◆ **DATA SUPPLIED**:
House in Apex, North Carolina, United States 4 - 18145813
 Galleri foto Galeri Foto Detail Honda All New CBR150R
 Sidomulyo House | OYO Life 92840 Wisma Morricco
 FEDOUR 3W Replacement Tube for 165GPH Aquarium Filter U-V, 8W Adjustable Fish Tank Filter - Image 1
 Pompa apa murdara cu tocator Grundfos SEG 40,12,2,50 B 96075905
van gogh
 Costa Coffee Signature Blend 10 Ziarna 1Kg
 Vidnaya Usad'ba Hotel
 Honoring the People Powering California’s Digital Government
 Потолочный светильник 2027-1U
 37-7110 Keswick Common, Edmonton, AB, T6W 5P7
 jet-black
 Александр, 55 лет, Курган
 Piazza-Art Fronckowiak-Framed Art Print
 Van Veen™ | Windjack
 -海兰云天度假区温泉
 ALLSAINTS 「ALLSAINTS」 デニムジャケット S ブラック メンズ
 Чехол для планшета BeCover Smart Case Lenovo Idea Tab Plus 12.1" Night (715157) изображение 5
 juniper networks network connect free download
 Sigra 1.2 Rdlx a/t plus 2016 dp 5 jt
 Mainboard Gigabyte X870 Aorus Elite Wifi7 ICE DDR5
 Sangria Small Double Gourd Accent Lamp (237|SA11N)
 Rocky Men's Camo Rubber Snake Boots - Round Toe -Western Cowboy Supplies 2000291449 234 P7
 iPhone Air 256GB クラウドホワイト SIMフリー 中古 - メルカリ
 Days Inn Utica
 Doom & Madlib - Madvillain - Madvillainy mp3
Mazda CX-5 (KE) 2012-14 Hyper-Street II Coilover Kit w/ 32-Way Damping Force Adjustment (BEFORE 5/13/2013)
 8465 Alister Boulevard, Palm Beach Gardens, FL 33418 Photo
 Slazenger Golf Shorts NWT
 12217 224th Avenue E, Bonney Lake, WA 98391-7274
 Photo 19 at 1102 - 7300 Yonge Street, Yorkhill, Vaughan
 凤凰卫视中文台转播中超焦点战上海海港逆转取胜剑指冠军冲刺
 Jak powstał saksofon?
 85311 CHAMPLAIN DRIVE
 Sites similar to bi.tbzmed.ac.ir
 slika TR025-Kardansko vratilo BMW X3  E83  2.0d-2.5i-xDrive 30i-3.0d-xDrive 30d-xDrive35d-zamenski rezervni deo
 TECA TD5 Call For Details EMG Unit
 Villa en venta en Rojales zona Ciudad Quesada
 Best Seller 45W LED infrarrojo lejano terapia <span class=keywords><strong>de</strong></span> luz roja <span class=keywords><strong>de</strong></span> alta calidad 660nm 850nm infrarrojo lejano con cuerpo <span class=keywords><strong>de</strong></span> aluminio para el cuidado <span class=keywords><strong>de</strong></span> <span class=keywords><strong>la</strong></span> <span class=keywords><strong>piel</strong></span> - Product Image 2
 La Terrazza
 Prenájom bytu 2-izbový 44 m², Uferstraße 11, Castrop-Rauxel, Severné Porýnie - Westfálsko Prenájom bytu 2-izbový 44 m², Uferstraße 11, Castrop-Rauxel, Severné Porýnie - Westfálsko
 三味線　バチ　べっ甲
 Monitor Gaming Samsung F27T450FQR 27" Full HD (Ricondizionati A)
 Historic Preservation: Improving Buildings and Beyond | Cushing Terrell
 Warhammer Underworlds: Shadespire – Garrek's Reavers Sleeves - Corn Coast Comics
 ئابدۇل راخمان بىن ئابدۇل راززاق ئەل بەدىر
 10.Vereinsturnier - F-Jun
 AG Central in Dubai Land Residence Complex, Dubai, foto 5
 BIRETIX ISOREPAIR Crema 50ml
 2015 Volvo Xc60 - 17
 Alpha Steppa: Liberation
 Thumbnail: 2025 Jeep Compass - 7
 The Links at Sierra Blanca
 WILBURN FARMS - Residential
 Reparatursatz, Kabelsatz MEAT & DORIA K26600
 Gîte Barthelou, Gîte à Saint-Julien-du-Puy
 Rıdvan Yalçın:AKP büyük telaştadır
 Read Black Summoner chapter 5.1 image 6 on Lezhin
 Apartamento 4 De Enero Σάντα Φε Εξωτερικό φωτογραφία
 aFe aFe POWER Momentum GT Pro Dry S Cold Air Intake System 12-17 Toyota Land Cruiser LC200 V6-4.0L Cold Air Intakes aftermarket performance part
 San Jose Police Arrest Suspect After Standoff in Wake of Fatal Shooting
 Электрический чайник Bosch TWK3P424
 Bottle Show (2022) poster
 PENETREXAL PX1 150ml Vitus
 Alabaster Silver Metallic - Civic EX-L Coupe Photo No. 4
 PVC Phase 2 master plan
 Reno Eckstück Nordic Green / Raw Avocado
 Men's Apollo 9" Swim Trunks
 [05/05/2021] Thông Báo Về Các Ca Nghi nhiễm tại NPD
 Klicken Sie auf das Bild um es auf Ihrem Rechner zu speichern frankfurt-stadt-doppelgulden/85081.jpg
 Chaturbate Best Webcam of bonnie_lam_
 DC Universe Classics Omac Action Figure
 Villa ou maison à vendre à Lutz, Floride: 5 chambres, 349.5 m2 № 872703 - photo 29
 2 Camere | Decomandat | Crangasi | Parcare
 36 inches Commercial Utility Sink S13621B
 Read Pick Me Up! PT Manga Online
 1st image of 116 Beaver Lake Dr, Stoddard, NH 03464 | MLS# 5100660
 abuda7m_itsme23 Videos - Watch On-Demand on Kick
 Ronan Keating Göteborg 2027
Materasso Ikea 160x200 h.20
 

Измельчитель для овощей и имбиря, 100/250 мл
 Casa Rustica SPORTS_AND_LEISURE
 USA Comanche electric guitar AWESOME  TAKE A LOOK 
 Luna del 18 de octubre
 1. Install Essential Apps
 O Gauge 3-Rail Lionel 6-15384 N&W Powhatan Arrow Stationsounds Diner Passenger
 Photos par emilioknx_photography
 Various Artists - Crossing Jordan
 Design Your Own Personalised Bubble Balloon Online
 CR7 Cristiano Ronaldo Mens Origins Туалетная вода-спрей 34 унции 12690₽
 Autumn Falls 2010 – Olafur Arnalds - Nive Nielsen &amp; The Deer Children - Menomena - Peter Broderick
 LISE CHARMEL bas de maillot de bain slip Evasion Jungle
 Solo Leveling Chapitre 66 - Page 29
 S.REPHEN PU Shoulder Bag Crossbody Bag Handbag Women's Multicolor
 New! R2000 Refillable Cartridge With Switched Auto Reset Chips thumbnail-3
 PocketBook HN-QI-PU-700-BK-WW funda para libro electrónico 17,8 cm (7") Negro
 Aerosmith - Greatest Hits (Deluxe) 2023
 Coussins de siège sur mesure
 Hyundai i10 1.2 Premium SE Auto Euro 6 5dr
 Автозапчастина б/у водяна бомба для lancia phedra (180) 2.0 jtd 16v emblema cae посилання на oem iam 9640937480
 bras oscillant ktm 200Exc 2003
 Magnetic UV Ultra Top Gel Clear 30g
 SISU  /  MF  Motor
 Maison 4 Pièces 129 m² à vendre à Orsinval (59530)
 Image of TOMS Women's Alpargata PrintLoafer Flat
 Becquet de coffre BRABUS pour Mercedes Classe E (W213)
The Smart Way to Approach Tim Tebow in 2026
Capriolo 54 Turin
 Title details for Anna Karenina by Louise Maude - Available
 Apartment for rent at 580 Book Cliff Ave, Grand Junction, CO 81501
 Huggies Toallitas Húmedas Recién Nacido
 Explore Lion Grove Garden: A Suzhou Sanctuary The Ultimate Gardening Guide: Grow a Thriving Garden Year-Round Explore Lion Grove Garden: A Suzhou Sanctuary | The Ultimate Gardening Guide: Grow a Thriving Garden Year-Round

◆ **EXERCISE AIM**:
For this exercise, retype the entire listing exactly.

◆ **OUTPUT OF THE TASK**:
House in Apex, North Carolina, United States 4 - 18145813
 Galleri foto Galeri Foto Detail Honda All New CBR150R
 Sidomulyo House | OYO Life 92840 Wisma Morricco
 FEDOUR 3W Replacement Tube for 165GPH Aquarium Filter U-V, 8W Adjustable Fish Tank Filter - Image 1
 Pompa apa murdara cu tocator Grundfos SEG 40,12,2,50 B 96075905
van gogh
 Costa Coffee Signature Blend 10 Ziarna 1Kg
 Vidnaya Usad'ba Hotel
 Honoring the People Powering California’s Digital Government
 Потолочный светильник 2027-1U
 37-7110 Keswick Common, Edmonton, AB, T6W 5P7
 jet-black
 Александр, 55 лет, Курган
 Piazza-Art Fronckowiak-Framed Art Print
 Van Veen™ | Windjack
 -海兰云天度假区温泉
 ALLSAINTS 「ALLSAINTS」 デニムジャケット S ブラック メンズ
 Чехол для планшета BeCover Smart Case Lenovo Idea Tab Plus 12.1" Night (715157) изображение 5
 juniper networks network connect free download
 Sigra 1.2 Rdlx a/t plus 2016 dp 5 jt
 Mainboard Gigabyte X870 Aorus Elite Wifi7 ICE DDR5
 Sangria Small Double Gourd Accent Lamp (237|SA11N)
 Rocky Men's Camo Rubber Snake Boots - Round Toe -Western Cowboy Supplies 2000291449 234 P7
 iPhone Air 256GB クラウドホワイト SIMフリー 中古 - メルカリ
 Days Inn Utica
 Doom & Madlib - Madvillain - Madvillainy mp3
Mazda CX-5 (KE) 2012-14 Hyper-Street II Coilover Kit w/ 32-Way Damping Force Adjustment (BEFORE 5/13/2013)
 8465 Alister Boulevard, Palm Beach Gardens, FL 33418 Photo
 Slazenger Golf Shorts NWT
 12217 224th Avenue E, Bonney Lake, WA 98391-7274
 Photo 19 at 1102 - 7300 Yonge Street, Yorkhill, Vaughan
 凤凰卫视中文台转播中超焦点战上海海港逆转取胜剑指冠军冲刺
 Jak powstał saksofon?
 85311 CHAMPLAIN DRIVE
 Sites similar to bi.tbzmed.ac.ir
 slika TR025-Kardansko vratilo BMW X3  E83  2.0d-2.5i-xDrive 30i-3.0d-xDrive 30d-xDrive35d-zamenski rezervni deo
 TECA TD5 Call For Details EMG Unit
 Villa en venta en Rojales zona Ciudad Quesada
 Best Seller 45W LED infrarrojo lejano terapia <span class=keywords><strong>de</strong></span> luz roja <span class=keywords><strong>de</strong></span> alta calidad 660nm 850nm infrarrojo lejano con cuerpo <span class=keywords><strong>de</strong></span> aluminio para el cuidado <span class=keywords><strong>de</strong></span> <span class=keywords><strong>la</strong></span> <span class=keywords><strong>piel</strong></span> - Product Image 2
 La Terrazza
 Prenájom bytu 2-izbový 44 m², Uferstraße 11, Castrop-Rauxel, Severné Porýnie - Westfálsko Prenájom bytu 2-izbový 44 m², Uferstraße 11, Castrop-Rauxel, Severné Porýnie - Westfálsko
 三味線　バチ　べっ甲
 Monitor Gaming Samsung F27T450FQR 27" Full HD (Ricondizionati A)
 Historic Preservation: Improving Buildings and Beyond | Cushing Terrell
 Warhammer Underworlds: Shadespire – Garrek's Reavers Sleeves - Corn Coast Comics
 ئابدۇل راخمان بىن ئابدۇل راززاق ئەل بەدىر
 10.Vereinsturnier - F-Jun
 AG Central in Dubai Land Residence Complex, Dubai, foto 5
 BIRETIX ISOREPAIR Crema 50ml
 2015 Volvo Xc60 - 17
 Alpha Steppa: Liberation
 Thumbnail: 2025 Jeep Compass - 7
 The Links at Sierra Blanca
 WILBURN FARMS - Residential
 Reparatursatz, Kabelsatz MEAT & DORIA K26600
 Gîte Barthelou, Gîte à Saint-Julien-du-Puy
 Rıdvan Yalçın:AKP büyük telaştadır
 Read Black Summoner chapter 5.1 image 6 on Lezhin
 Apartamento 4 De Enero Σάντα Φε Εξωτερικό φωτογραφία
 aFe aFe POWER Momentum GT Pro Dry S Cold Air Intake System 12-17 Toyota Land Cruiser LC200 V6-4.0L Cold Air Intakes aftermarket performance part
 San Jose Police Arrest Suspect After Standoff in Wake of Fatal Shooting
 Электрический чайник Bosch TWK3P424
 Bottle Show (2022) poster
 PENETREXAL PX1 150ml Vitus
 Alabaster Silver Metallic - Civic EX-L Coupe Photo No. 4
 PVC Phase 2 master plan
 Reno Eckstück Nordic Green / Raw Avocado
 Men's Apollo 9" Swim Trunks
 [05/05/2021] Thông Báo Về Các Ca Nghi nhiễm tại NPD
 Klicken Sie auf das Bild um es auf Ihrem Rechner zu speichern frankfurt-stadt-doppelgulden/85081.jpg
 Chaturbate Best Webcam of bonnie_lam_
 DC Universe Classics Omac Action Figure
 Villa ou maison à vendre à Lutz, Floride: 5 chambres, 349.5 m2 № 872703 - photo 29
 2 Camere | Decomandat | Crangasi | Parcare
 36 inches Commercial Utility Sink S13621B
 Read Pick Me Up! PT Manga Online
 1st image of 116 Beaver Lake Dr, Stoddard, NH 03464 | MLS# 5100660
 abuda7m_itsme23 Videos - Watch On-Demand on Kick
 Ronan Keating Göteborg 2027
Materasso Ikea 160x200 h.20
 

Измельчитель для овощей и имбиря, 100/250 мл
 Casa Rustica SPORTS_AND_LEISURE
 USA Comanche electric guitar AWESOME  TAKE A LOOK 
 Luna del 18 de octubre
 1. Install Essential Apps
 O Gauge 3-Rail Lionel 6-15384 N&W Powhatan Arrow Stationsounds Diner Passenger
 Photos par emilioknx_photography
 Various Artists - Crossing Jordan
 Design Your Own Personalised Bubble Balloon Online
 CR7 Cristiano Ronaldo Mens Origins Туалетная вода-спрей 34 унции 12690₽
 Autumn Falls 2010 – Olafur Arnalds - Nive Nielsen &amp; The Deer Children - Menomena - Peter Broderick
 LISE CHARMEL bas de maillot de bain slip Evasion Jungle
 Solo Leveling Chapitre 66 - Page 29
 S.REPHEN PU Shoulder Bag Crossbody Bag Handbag Women's Multicolor
 New! R2000 Refillable Cartridge With Switched Auto Reset Chips thumbnail-3
 PocketBook HN-QI-PU-700-BK-WW funda para libro electrónico 17,8 cm (7") Negro
 Aerosmith - Greatest Hits (Deluxe) 2023
 Coussins de siège sur mesure
 Hyundai i10 1.2 Premium SE Auto Euro 6 5dr
 Автозапчастина б/у водяна бомба для lancia phedra (180) 2.0 jtd 16v emblema cae посилання на oem iam 9640937480
 bras oscillant ktm 200Exc 2003
 Magnetic UV Ultra Top Gel Clear 30g
 SISU  /  MF  Motor
 Maison 4 Pièces 129 m² à vendre à Orsinval (59530)
 Image of TOMS Women's Alpargata PrintLoafer Flat
 Becquet de coffre BRABUS pour Mercedes Classe E (W213)
The Smart Way to Approach Tim Tebow in 2026
Capriolo 54 Turin
 Title details for Anna Karenina by Louise Maude - Available
 Apartment for rent at 580 Book Cliff Ave, Grand Junction, CO 81501
 Huggies Toallitas Húmedas Recién Nacido
 Explore Lion Grove Garden: A Suzhou Sanctuary The Ultimate Gardening Guide: Grow a Thriving Garden Year-Round Explore Lion Grove Garden: A Suzhou Sanctuary | The Ultimate Gardening Guide: Grow a Thriving Garden Year-Round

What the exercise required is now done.